*INFORMATION SUPPLIED*

*** Begin section ***

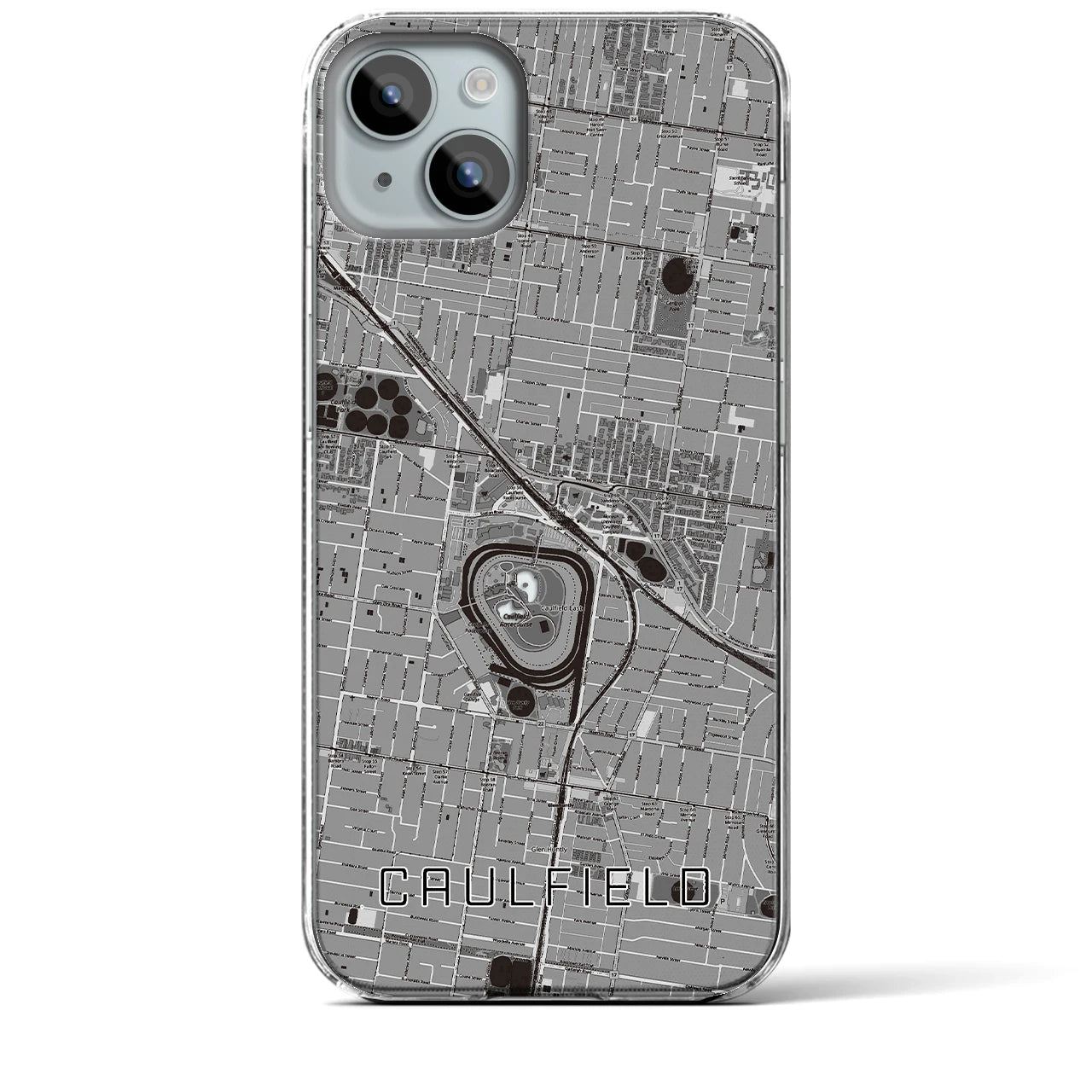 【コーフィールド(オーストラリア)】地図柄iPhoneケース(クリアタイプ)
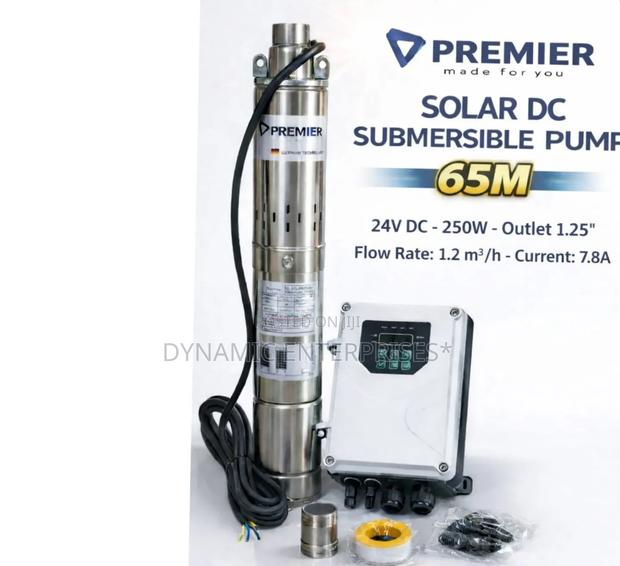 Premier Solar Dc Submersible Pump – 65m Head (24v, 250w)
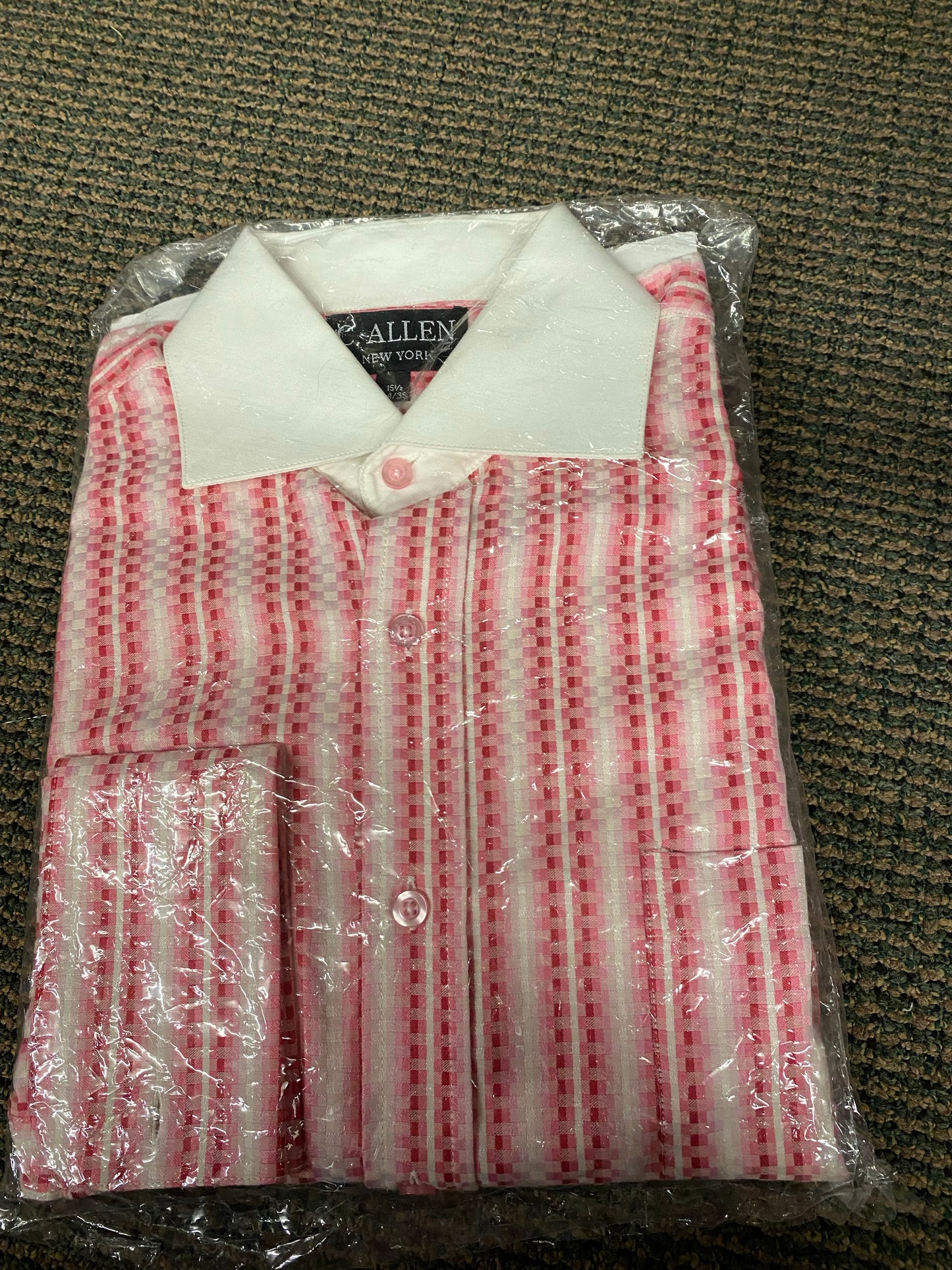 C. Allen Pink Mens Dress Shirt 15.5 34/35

*** End section ***

*TASK REQUIREMENTS*
Word for word, return the material above, but drop the pictures.

*EXERCISE ANSWER*
 【コーフィールド(オーストラリア)】地図柄iPhoneケース(クリアタイプ)
 Premier Solar Dc Submersible Pump – 65m Head (24v, 250w)
 C. Allen Pink Mens Dress Shirt 15.5 34/35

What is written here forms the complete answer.